New Day

I will greet the new year the same way I greet a new day.

With wonder that I am here to meet the rising sun yet again.

With intention to offer my seeing, knowing, words, and actions in service to the creation of a kinder, gentler world.

With awareness that, amidst the busy-ness, I may stray from my path, grow complacent, or misstep.

With appreciation that, when that happens, I can offer myself patience and forgiveness and return to my intention over and over again.

With gratitude for another day to manifest the life that I am here to create.

May this new day, and the promise of a year full of new days, bring us closer to one another and closer to peace for and upon the Earth.

Gifts of Presence

In the last year of his life, when my Dad felt like making conversation, he would ask, “So, what have you been up to?” After I answered, we would sit quietly for a few more minutes and then he would ask again, “So, what have you been up to?” He never remembered asking and remained as genuinely curious and interested on the 5th asking as he was on the first. Each asking became an opportunity for me to share a bit more deeply about my life. Though he didn’t remember my responses after a few seconds, he listened to each one with real interest and attention. I offered new responses each time he asked. “So, What have you been up to?“

It was an invitation to peel away the layers of my life like an onion, sharing myself ever more deeply, while pulling Dad in closer.

Awarenesses and insight that emerged in this space of disclosure and deep listening took me by surprise at first. Quickly though, I settled in to appreciate and maximize the potential they held. These conversations were opportunities for me to explore unanswered questions, problem solve, and think outside of the box. My Dad was offering me a gift of service and presence that we discuss and practice regularly in ChIME’s interfaith ministry program.
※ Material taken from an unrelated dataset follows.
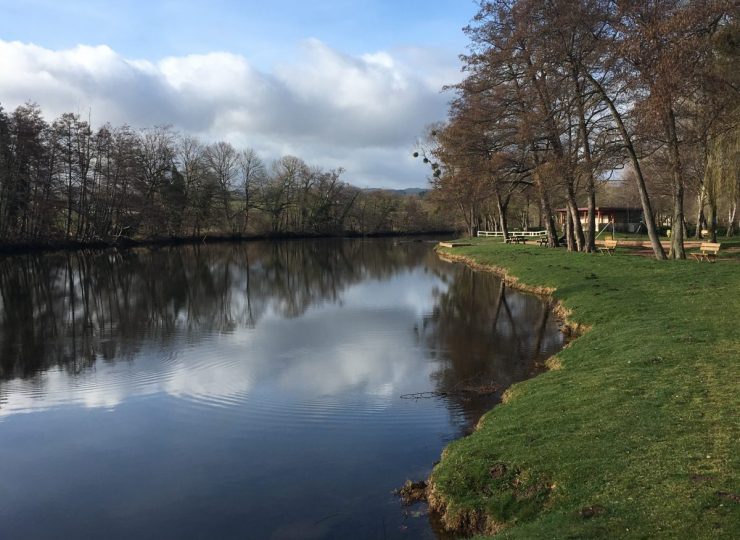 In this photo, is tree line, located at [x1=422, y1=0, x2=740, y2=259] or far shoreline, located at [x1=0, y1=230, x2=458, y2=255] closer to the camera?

Listening another person into his or her truth is not only a skill to be practiced, but also a gift to both giver and receiver. It is a gift to be an attentive listener, holding a sacred space for the speaker’s goodness, capacity, and intelligence. It is a gift to be listened to with love, acceptance, curiosity and confidence. We are all capable of offering good attention and listening, just as we are all capable of working to heal our deepest wounds.
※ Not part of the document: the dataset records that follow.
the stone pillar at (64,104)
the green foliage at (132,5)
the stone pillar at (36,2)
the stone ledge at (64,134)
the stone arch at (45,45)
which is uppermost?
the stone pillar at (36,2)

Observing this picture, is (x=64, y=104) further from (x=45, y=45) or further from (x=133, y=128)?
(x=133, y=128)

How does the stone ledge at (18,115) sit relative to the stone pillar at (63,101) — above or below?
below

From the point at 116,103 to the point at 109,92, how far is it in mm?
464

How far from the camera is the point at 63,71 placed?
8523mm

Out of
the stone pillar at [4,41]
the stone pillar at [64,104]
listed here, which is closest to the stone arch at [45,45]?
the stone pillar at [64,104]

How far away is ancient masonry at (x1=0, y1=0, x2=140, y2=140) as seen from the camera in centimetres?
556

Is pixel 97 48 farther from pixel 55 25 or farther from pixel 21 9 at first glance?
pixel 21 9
In another time and place, I practiced Re-evaluation Counseling. It operates on the same principles, specifically advocating that we are all good, intelligent, and zestful at our core. We just need the support of a good listener, or a few good listeners, to unpack and live into our natural gifts. In Re-evaluation Counseling theory, the human potential to heal itself in this way extends beyond individuals and into communities, nations, and to the earth. This amounts to liberation from human oppressions accumulated over lifetimes and generations worldwide.
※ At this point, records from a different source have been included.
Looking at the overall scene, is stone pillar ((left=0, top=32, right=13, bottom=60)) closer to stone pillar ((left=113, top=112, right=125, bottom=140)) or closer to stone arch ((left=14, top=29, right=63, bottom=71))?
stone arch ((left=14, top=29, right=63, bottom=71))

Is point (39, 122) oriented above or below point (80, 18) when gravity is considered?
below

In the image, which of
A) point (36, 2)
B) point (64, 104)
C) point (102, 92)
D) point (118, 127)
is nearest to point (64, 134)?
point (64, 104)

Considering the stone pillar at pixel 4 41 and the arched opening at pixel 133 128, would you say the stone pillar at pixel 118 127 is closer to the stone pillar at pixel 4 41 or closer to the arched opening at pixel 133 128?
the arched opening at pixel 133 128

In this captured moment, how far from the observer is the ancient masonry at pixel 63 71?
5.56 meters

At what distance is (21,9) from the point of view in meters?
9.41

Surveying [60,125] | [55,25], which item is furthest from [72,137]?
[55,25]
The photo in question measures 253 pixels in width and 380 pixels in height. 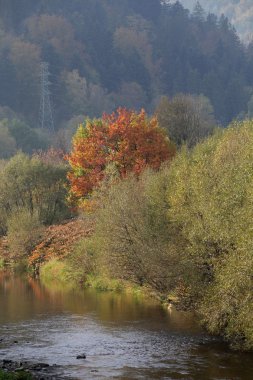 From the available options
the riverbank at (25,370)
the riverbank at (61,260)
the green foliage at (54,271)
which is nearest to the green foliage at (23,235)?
the riverbank at (61,260)

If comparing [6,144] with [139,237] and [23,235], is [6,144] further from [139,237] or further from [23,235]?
[139,237]

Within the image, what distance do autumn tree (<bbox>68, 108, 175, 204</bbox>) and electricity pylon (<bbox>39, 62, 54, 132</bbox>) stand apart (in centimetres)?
11508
Deep listening and care-full attention are not gifts or skills reserved for chaplains or counselors. They can enrich and enliven all of our relationships. All that is required is that we listen deeply, paying close attention to one another. We can exchange these gifts freely – all year-round. No need to wrap them up and leave them in the closet until next Christmas or birthday. The gift of presence expands and multiplies with each giving and receiving. You’ve already taken a turn as listener by reading this post (ie. listening to me). Thank you.

Now it is your turn to share. I am ready to listen. Leave a comment below or send me an email. Better yet, ask someone close to you to give you 10 minutes of their undivided attention. After you have settled into being the center of their attention, imagine that they have asked, “So, what have you been up to?”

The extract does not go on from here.